Ieri Pavel Gubarev, uno dei leader dell’autoproclamata Repubblica popolare di Donetsk, ha annunciato la formazione di un partito nuovo di zecca, chiamato La Nuova Russia. I pro-Mosca dicono inoltre di voler realizzare un nuovo Stato, il nome è lo stesso del partito, la Nuova Russia, unendo le «repubbliche» separatiste di Donetsk e Lugansk.

Ieri è tornato a parlare di Ucraina anche il vicepresidente Usa Joe Biden, dopo la scoperta che suo figlio farà parte della più importante compagnia di gas ucraino. «Tutti i Paesi devono usare la loro influenza per garantire un clima stabile che consenta agli ucraini di votare domenica in piena libertà», ha specificato Biden in una conferenza stampa a Bucarest al termine di un colloquio con il presidente romeno Traian Basescu.
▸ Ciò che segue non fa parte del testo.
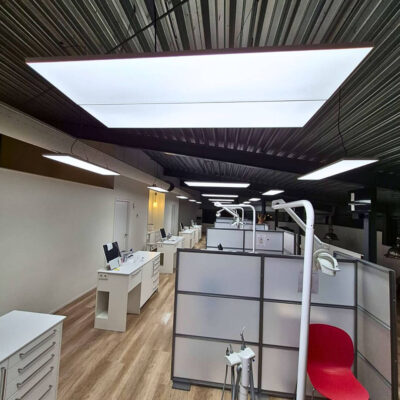 Behandelkamer van Orthodontie Amersfoort met hoogfrequente full-spectrum daglichtpanelen, waarbij de verlichting is verhoogd van 650 naar 2000 lux voor nauwkeurige kleurmatching en visueel comfort.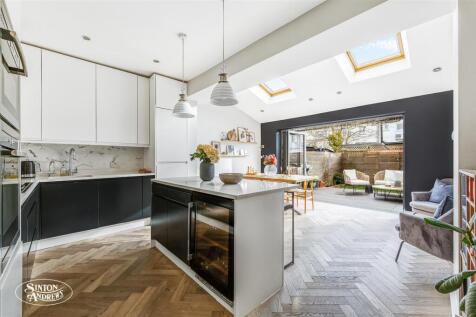 77 Salisbury Road-5.jpg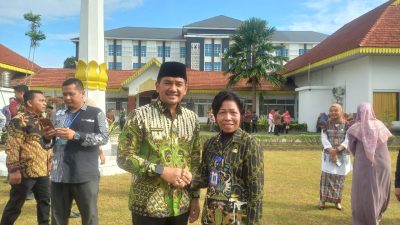 Walikota Tebingtinggi H Iman Irdian Saragih Pimpin Apel Gabungan ASN di Lingkungan Pemko.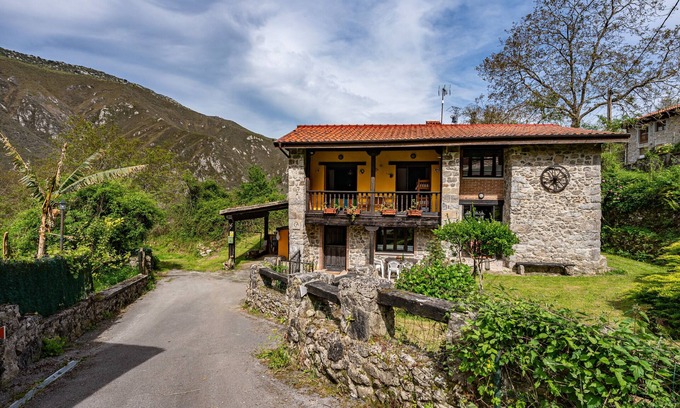 Cueli Casa | Country House 'La Nozal' with Mountain View, Private Pool and Wi-Fi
Il vicepresidente ha nuovamente dato assicurazioni alla Romania ribadendo l’impegno degli Usa a rispettare l’articolo 5 del Trattato della Nato sulla difesa collettiva degli stati membri, e ha sottolineato l’intenzione dell’Alleanza di rafforzare la sua presenza nell’Europa centrorientale, su terra, mare e cielo. Biden ha quindi confermato i tempi di realizzazione del progetto di scudo antimissile per il sito romeno di Deveselu, nel sud del paese.
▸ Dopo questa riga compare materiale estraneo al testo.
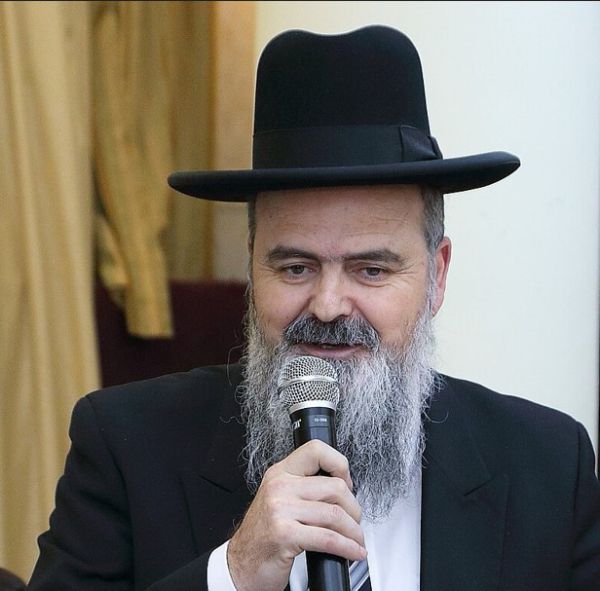 החתן של הרב עובדיה יוסף מטיל פצצה: אין הלכה כזאת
Il vicepresidente americano ha infine dichiarato a Budapest che saranno necessarie nuove sanzioni contro la Russia se questa saboterà l’elezione presidenziale di domenica 25 in Ucraina. «Se la Russia sabota l’elezione in Ucraina, noi dobbiamo essere determinati a imporre costi supplementari», ha detto Biden in una conferenza stampa.

Ieri sono proseguiti anche gli incontri del tavolo di unità nazionale, organismo che appare superato dopo l’ultimo memorandum approvato dal Parlamento, sebbene non da tutti i partiti. Il premier autoproclamato di Kiev Arseni Yatseniuk, ieri, ha escluso la possibilità di incontri bilaterali tra Mosca e Kiev per risolvere la crisi in Ucraina. «Nel contesto attuale – ha detto durante la terza seduta del tavolo di dialogo nazionale a Mikolaiv – credo che le negoziazioni bilaterali tra l’Ucraina e la Russia non possano essere prese in considerazione».

Yatseniuk si è però detto a favore di un altro vertice a quattro con i rappresentanti di Usa, Ue, Ucraina e Russia come quello di Ginevra del 17 aprile. Da capire infine gli effetti che avrà sulla situazione ucraina lì’accordo storico tra Cina e Russia in materia di fornitura di gas.